WATCH the on-demand webinar: Building a winning local media sales playbook

In fact, a recent survey of 3,000 advertisers by Borrell Associates found local businesses overwhelmingly prefer dealing with relationship-oriented media reps with the skills to help them craft a clear marketing strategy tailored to their unique circumstances.

This is a huge shift from the transactional approach of selling ad inventory. It requires local publishers to pivot to a playbook that puts a business’s holistic digital needs, along with exceptional service, at the center of an organization’s culture.

In this article, sales leaders Robert Walker-Smith of Knight x Local Media Association BloombLab and Samantha Johnston of Strategy Hound, LLC spell out the critical elements for building a playbook that addresses what advertisers are demanding and lifts up teams to take advantage of the opportunity in front of them. 
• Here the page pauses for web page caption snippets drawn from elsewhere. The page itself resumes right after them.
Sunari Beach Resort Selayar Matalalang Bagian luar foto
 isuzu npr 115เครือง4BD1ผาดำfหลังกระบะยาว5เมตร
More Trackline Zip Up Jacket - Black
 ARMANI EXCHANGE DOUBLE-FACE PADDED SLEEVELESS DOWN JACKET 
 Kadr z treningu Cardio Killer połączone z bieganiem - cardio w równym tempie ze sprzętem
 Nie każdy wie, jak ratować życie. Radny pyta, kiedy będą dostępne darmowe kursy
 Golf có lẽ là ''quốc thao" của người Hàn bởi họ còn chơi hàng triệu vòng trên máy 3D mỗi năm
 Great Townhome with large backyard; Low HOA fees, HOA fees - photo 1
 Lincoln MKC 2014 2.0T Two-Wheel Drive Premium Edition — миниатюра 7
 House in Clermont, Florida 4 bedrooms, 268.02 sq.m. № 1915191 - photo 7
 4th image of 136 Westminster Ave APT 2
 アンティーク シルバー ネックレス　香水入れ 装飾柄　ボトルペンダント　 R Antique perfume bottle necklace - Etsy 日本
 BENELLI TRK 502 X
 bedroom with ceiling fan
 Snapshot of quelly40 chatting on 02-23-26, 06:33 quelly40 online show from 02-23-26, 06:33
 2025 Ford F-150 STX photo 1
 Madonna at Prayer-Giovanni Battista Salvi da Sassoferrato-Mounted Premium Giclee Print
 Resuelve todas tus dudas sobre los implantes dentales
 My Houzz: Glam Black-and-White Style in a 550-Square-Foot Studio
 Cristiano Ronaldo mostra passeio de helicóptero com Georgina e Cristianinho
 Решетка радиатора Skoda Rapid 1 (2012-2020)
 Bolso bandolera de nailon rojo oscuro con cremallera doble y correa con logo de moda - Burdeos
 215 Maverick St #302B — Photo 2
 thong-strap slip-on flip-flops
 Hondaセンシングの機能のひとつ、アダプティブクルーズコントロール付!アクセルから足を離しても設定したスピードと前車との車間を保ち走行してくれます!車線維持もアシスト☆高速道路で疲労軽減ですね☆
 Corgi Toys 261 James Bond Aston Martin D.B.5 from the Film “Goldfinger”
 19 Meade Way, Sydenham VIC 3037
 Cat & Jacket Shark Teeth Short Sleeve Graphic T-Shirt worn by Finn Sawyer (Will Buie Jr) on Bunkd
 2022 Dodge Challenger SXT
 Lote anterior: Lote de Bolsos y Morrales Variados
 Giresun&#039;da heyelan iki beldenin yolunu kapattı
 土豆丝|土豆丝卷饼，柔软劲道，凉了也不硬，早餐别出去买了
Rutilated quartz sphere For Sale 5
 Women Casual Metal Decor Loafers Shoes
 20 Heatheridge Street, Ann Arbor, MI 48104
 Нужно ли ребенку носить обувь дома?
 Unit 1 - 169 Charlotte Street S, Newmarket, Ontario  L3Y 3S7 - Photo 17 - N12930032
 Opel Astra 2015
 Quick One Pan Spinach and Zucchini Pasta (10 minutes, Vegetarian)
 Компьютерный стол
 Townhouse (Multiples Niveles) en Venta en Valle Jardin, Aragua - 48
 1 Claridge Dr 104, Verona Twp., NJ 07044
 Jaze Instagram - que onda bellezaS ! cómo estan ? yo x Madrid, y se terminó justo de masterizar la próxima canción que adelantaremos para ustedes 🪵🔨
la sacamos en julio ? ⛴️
The fundamentals of a media sales playbook

When it comes to defining the critical elements that should make up every local media sales leader’s playbook, Johnston shares the three key pillars she returns to again and again: 

  • People: Do you have the right talent in the right positions? Are you cultivating behaviors that move the needle for your organization?
  • Process: Are you consistently improving your best practices?
  • Systems: Do your systems work correctly? Are you listening to your sales teams and if they’re saying the systems don't work? Are your systems creating barriers between your sellers and their sales?

 

Walker-Smith defines his own set of elements that make up a winning local media sales playbook: 

  • Leadership: Is there heavy involvement from the top down to drive digital revenue?
  • Culture: Do you have a read on the current culture in your organization, and what levers you can pull that will affect change?
  • Digital revenue champions: Do you have a process for identifying and calling out the players on your team who are championing digital products?
  • Consultative selling: Are you offering as many solutions as you can and working with your prospects and clients to have honest conversations around the products that are the right fit for them?
  • Collaboration: Rather than working in silos for the different media types, are you working together as one unit to provide a unified experience and solution set to your advertisers?
  • Celebrate: Are you celebrating even the small wins that get you to the bigger ones? 

What should the local advertiser buying journey look like?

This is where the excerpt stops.